Kovaçevic 1991’de yazmış, bitirmiş oyunu… Sosyalist, öz yönetim dağılmış,  Tito’nun kendi coğrafyasını korumak, kollamak için geliştirdiği sistem, ülkede yaşayanlar tarafından baskıcı totaliter rejim olarak görülmüş, sonunda özgürlükçü arayışlarla başarıya ulaşmış. Ekonomi alt üst olmuş bu yolda mücadele eden edebiyat öğretmeni Teodor Kray’ın karşısına emekli polis Luka Laban (Bülent Emin Yarar) dikilir,  birbirlerine kendi hayatlarını anlatırlar… Teodor, yeni dünya düzeni kurmak, aydınlık yarınlar için kendi hayatını feda etmiştir.  Luka ise bir sisteme inanıp, onun piyonu olarak isterse öldürecek yetkileri elde bulundurarak edebiyatçıyı takip etmiştir ama bu takip sırasında o da kendi hayatından olmuştur.

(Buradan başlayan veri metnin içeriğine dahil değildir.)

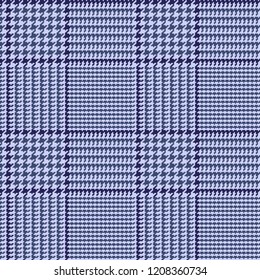 Patrón de vectores sin soldadura de vidrio azul con franjas de sobrecomprobación de la marina. Impresión de moda en el príncipe de Gales. Pieza de gallo 8x8. Píxel Perfecto Espectáculo De Mosaico Repetitivo Incluido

Aleyhte olduğunu düşündüğü sanatçının söylediği her söz, polis Luka’nın öz oğluyla birlikte paylaştığı sözlere dönüşmüştür.  Okula başlamıştır edebiyatçıyla,  iki kişi de yarımdır, sonunda ancak bir kişi ederler.  O edebiyat öğretmeni sistem değişmedikçe ve sisteme hizmet ettiği sürece koltukta oturacağını anlamaktadır, poliste herkes yitip gittiği için, devletin bekasına hizmet ettiği için aç kalmamak için taksi şoförlüğü yapmaktadır.  Üstelik de hastadır. O coğrafyada o gün için yazılmış oyun bu coğrafyada bugüne, değişen her güne gönderme yapıyor. Pasif, izleyen durumundaki seyirci sorularla boğuşan insan konumuna geliyor.

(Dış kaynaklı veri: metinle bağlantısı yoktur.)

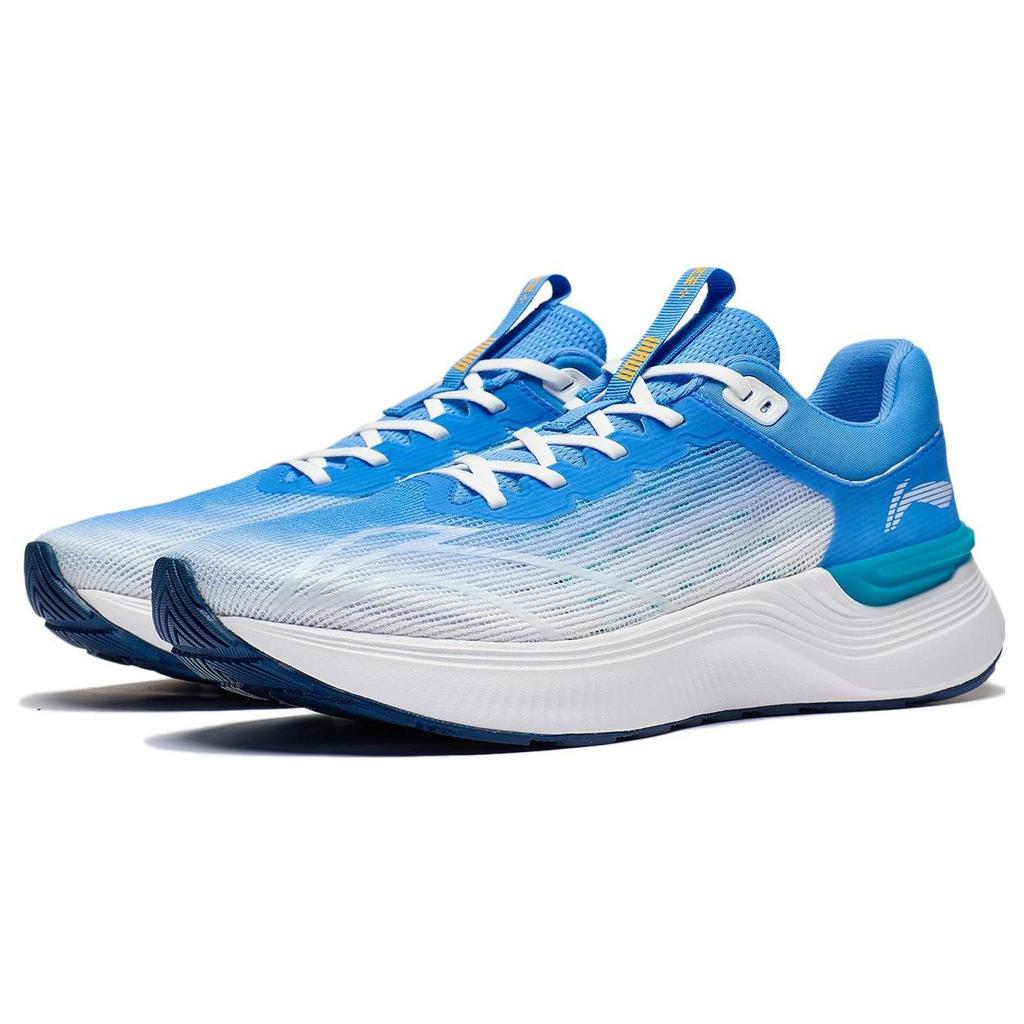 Li Ning Light And Shadow Element Body Measurement Anti-Slip Wear-Resistant Breathable Low-Top Running Shoes Men Running Shoes Blue White ARHS041-7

- Biz buna açık mıyız? Sorgulamaktan uzağız çünkü, kaldı ki hayatımızda televizyon var tiyatro ne kadar etkili?

Toplumda görüyorum ki açık değiliz… Televizyon kutusuna sığan her şey ehlileşmiş ve bizden uzak konumunda…  Bilgi alıyoruz, size bir iletim oluyor o. Görüntülerde bir yerde çocuğun öldürüldüğünü gördüğünüzde o evinizde sıcak çayınızı içerken, sizden uzak bir şey olarak ehlileşiyor ve size dokunmuyor gerçekten. Yüreğiniz mi? Onun hesabı da verilir ama yürekler de soğumaya başladı bu yüzden. Televizyon izlemek ve sanıyorum gazetelerin üst başlıkları gerçek gündemi değil yaratılmak istenen, ülkede hüküm sürmesi isteneni dayatıyor.  Biz de hem inanmak hem de inanmamak arasında kalıyoruz.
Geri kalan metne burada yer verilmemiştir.